戦後復興期の日本が舞台であり、その映像が私の年代の者にとってはどこかなつかしい。
当時の街並みを再現し、東京から金沢へ行く蒸気機関車の映像など、かなりの制作費用をかけたのだろう。

たしか中学生の頃だったが、隣家のおじさんが推理小説好きで、そのおじさんに松本清張の本をよく借りては読んでいた。
「点と線」にはじまり、「眼の壁」や「蒼い描点」、そしてこの「ゼロの焦点」など、面白くてむさぼるように読んだことを覚えている。
情けないことに物語はすっかり忘れてしまっていた。しかし、映画の宣伝も大々的だったので、少なからぬ期待で観た。

感想は・・・う~ん、残念。
主演の広末涼子は嫌いではないのだが、こういった重い運命とじっとりと向かい合う役柄にはあまり向いていないように思えた。
終始、かすかに眉をひそめて、薄い唇の両端を吊り上げている表情ばかりだった。

実際に一番魅せてくれたのは中谷美紀だった。女性解放運動に情熱的になる理由も十分に納得させてくれたし、強さも感じさせてくれた
それに第三の人物ながら、薄幸の木村多江が好演だった。

不満は・・・沢山ある(悲)。

(以下ネタバレ気味)

中谷美紀木村多江の二人が決定的な行為に出る終盤での場面。
中谷美紀があんなに車のライトをつけっぱなしにしておくか? 周囲から丸見えだぞ。ライトを消すだろう、普通。
それに木村多江が自ら選んだ行為の瞬間。いくらなんでもあれはないだろう! 二人ともまるで漫画のポーズだったぞ!
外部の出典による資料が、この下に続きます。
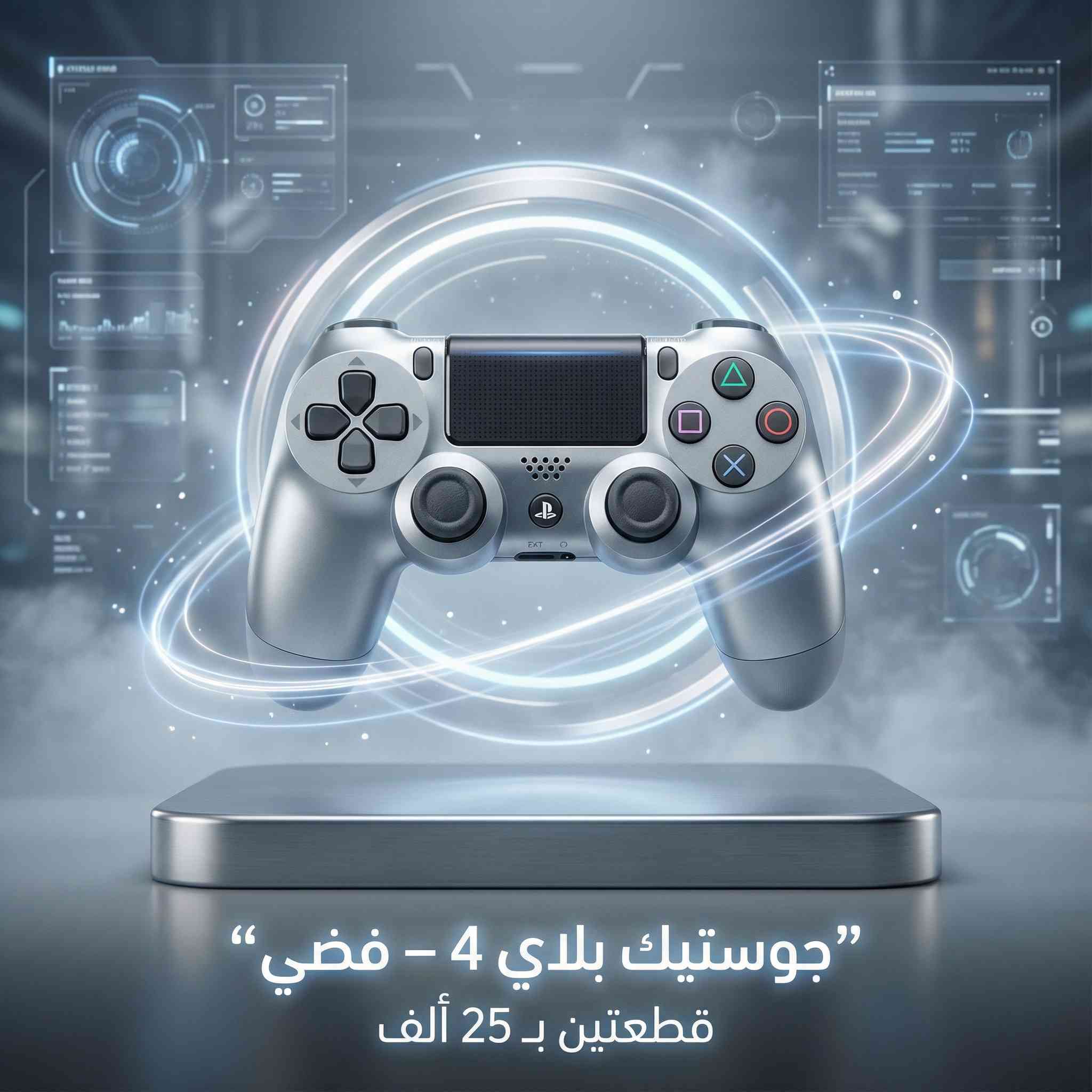 🎮✨ لعشّاق البلاي ستيشن والتحدّي الحقيقي! ✨🎮
🔥 جويستك بلاي ستيشن 4 (PS4) بجودة ممتازة
💸 السعر: 15,000 دينار للقطعة
💥 وإذا تحب الأوفر؟ قطعتين بـ 25,000 دينار 😍
🚚 نوصل لك لكل محافظات العراق بـ 5,000 دينار فقط
⚡️ يوصل لباب بيتك وين ما كنت!
📍 العنوان: واسط / الكوت / داموك / قرب صيدلية حسني
📞 للطلب والتواصل السريع:
*********** 📱
*********** 📱
🎯 خلّي تحكمك أدق ولعبك أقوى
⏰ الكمية محدودة، بادر بالحجز!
最終的には事件の案内役だった(だから、決して主人公ではないのだ)広末涼子が謎を解いていくのだが、この展開があまりにもお粗末。
えっ、なんでそんなにすらすらと謎を解いてしまうの? 
明智小五郎だって、ホームズだって、ポアロだって、そんなに証拠も手がかりもなしの推理だけで謎は解けないぞ。

おまけにもうひとつ。加賀丈史はなんであんな無意味な行為に出たんだ? まるっきり訳が分からんぞ。
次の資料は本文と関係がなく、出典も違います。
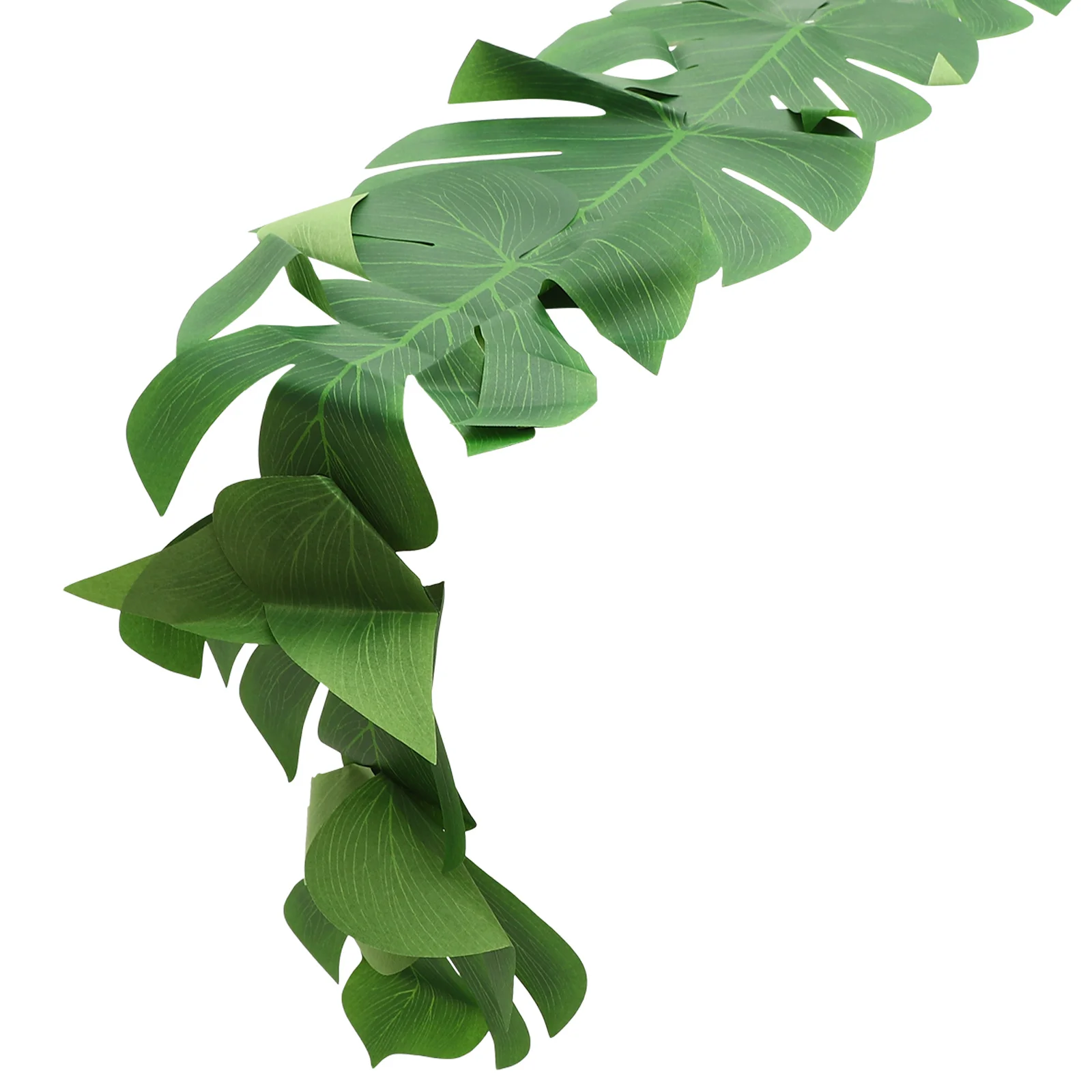 

Table Runner Washable Leaves Tablecloth For Hawaii Party Beach Theme Dining Room Picnic Banquet Decoration Household Event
ということで、TVの2時間サスペンス・ドラマを越えるものではなかったなあ。
ところで、この映画のポスター(上の写真)だが、3人とも赤いコートを着ている。まさか、犯人を判らなくするため?(笑)

ちなみに、波しぶきの上がる断崖の上で犯人を糾弾するというサスペンス・ドラマでのおなじみパターンは、この「ゼロの焦点」(オリジナル版)が先駆けだったとのこと。